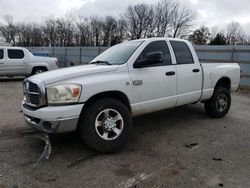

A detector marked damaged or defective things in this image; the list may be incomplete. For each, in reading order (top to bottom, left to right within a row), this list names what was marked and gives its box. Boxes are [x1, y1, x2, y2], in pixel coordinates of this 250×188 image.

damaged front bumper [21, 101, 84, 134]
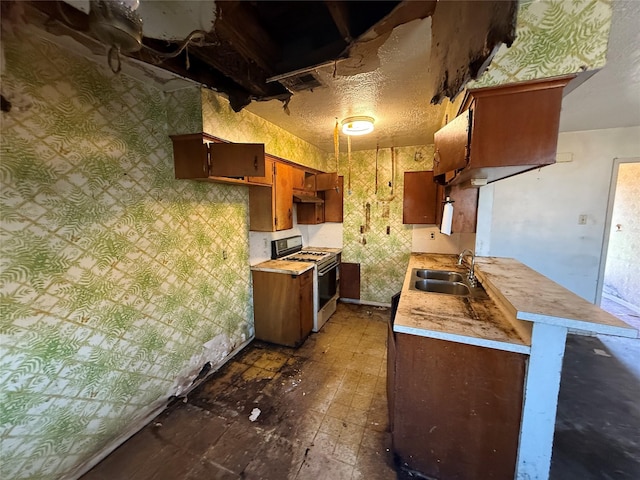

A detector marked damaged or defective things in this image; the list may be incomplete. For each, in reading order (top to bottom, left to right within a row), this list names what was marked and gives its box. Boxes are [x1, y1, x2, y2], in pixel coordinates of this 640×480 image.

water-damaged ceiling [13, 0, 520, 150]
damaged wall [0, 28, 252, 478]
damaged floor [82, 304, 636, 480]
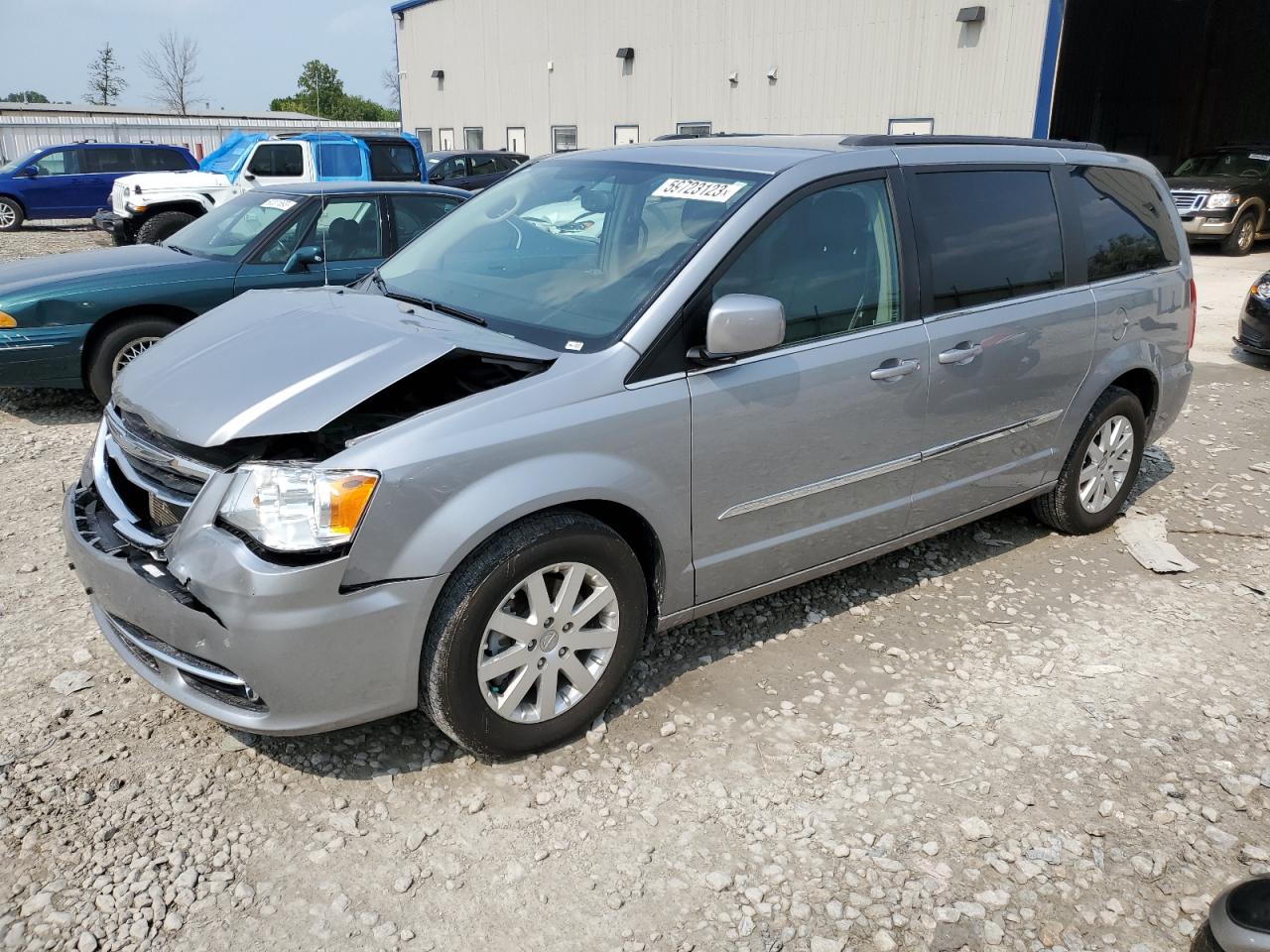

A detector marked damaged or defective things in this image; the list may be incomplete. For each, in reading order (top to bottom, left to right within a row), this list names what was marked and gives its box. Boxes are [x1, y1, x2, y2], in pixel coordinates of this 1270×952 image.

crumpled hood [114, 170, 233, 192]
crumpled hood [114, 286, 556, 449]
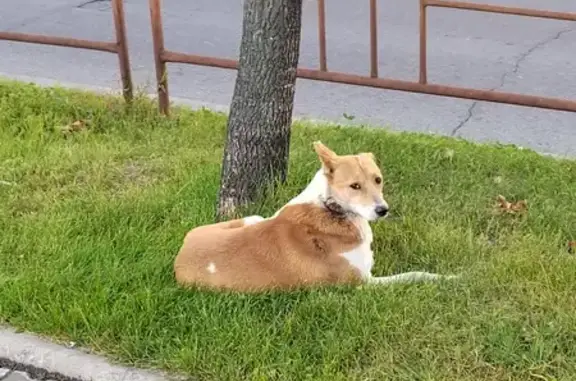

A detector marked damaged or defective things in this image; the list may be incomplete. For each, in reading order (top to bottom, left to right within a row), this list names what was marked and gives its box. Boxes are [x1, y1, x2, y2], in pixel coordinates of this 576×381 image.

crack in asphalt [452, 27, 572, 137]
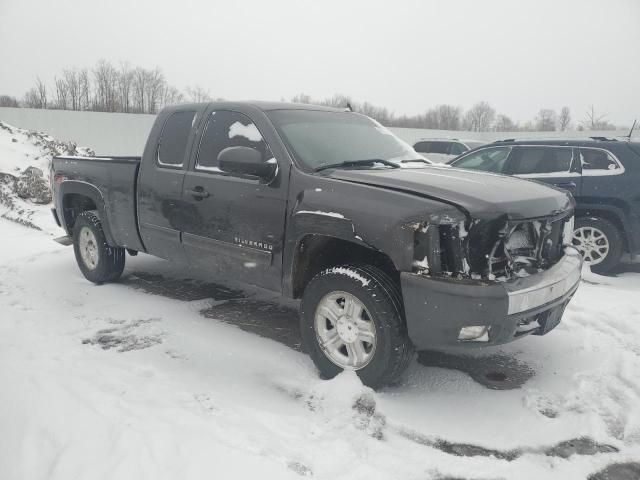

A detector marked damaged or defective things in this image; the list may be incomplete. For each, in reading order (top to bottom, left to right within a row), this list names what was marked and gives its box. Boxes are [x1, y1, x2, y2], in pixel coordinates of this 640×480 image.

● Exercise
Leave the pictures out. Extract exactly the lines running from the one with "this 576×381 image." through the last entry, both ends included.

● Task solution
A detector marked damaged or defective things in this image; the list may be incomplete. For each, in reading order (top to bottom, left to right within a row), this list names what was marked and gives its box. Boxes are [x1, y1, x2, y2], in pixel coordinates of this 576×381 image.

crack in asphalt [452, 27, 572, 137]

A detector marked damaged or defective things in this image; the list may be incomplete. For each, in reading order (top to bottom, left to right within a row), this list names what was marked and gives its box. Boxes are [x1, y1, x2, y2], in pixel coordinates of this 640×480 image.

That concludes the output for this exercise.